If you want to use the legacy quickhashing method used by Diablo
Modified: doc/pod/pullnews.pod
===================================================================
--- doc/pod/pullnews.pod 2014-08-24 13:25:28 UTC (rev 9656)
+++ doc/pod/pullnews.pod 2014-08-25 17:13:12 UTC (rev 9657)
@@ -4,7 +4,8 @@
=head1 SYNOPSIS
-B<pullnews> [B<-BhnOqRx>] [B<-b> I<fraction>] [B<-c> I<config>] [B<-C> I<width>]
+B<pullnews> [B<-BhnOqRx>] [B<-a> I<hashfeed>] [B<-b> I<fraction>]
+[B<-c> I<config>] [B<-C> I<width>]
[B<-d> I<level>] [B<-f> I<fraction>] [B<-F> I<fakehop>] [B<-g> I<groups>]
[B<-G> I<newsgroups>] [B<-H> I<headers>] [B<-k> I<checkpt>] [B<-l> I<logfile>]

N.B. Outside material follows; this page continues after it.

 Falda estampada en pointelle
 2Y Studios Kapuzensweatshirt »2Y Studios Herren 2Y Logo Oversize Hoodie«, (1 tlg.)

[B<-m> I<header_pats>] [B<-M> I<num>] [B<-N> I<timeout>] [B<-p> I<port>]
@@ -41,6 +42,43 @@
=over 4
+=item B<-a> I<hashfeed>
+
+This option is a deterministic way to control the flow of articles and to
+split a feed. The I<hashfeed> parameter must be in the form C<value/mod>
+or C<start-end/mod>. The Message-ID of each article is hashed using MD5,
+which results in a 128-bit hash. The lowest S<32 bits> are then taken
+by default as the hashfeed value (which is an integer). If the hashfeed
+value modulus C<mod> plus one equals C<value> or is between C<start>
+and C<end>, B<pullnews> will feed the article. All these numbers must
+be integers.
+
+For instance:
+
+ pullnews -a 1/2 Feeds about 50% of all articles.
+ pullnews -a 2/2 Feeds the other 50% of all articles.
+
+Another example:
+
+ pullnews -a 1-3/10 Feeds about 30% of all articles.

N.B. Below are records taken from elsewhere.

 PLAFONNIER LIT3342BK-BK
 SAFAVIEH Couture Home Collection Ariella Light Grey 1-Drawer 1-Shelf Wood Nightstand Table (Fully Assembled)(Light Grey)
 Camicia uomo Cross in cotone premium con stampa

+ pullnews -a 4-5/10 Feeds about 20% of all articles.
+ pullnews -a 6-10/10 Feeds about 50% of all articles.
+
+You can use an extended syntax of the form C<value/mod:offset> or
+C<start-end/mod:offset> (using an underscore C<_> instead of a colon
+C<:> is also recognized). As MD5 generates a 128-bit return value,
+it is possible to specify from which byte-offset the 32-bit integer
+used by hashfeed starts. The default value for C<offset> is C<:0> and
+thirteen overlapping values from C<:0> to C<:12> can be used. Only up to
+four totally independent values exist: C<:0>, C<:4>, C<:8> and C<:12>.
+
+Therefore, it allows to a generate a second level of deterministic
+distribution. Indeed, if B<pullnews> feeds C<1/2>, it can go on
+splitting thanks to C<1-3/9:4> for instance. Up to four levels of
+deterministic distribution can be used.
+
+The algorithm is compatible with the one used by S<Diablo 5.1> and up.
+
=item B<-b> I<fraction>
Backtrack on server numbering reset. Specify the proportion (C<0.0> to C<1.0>)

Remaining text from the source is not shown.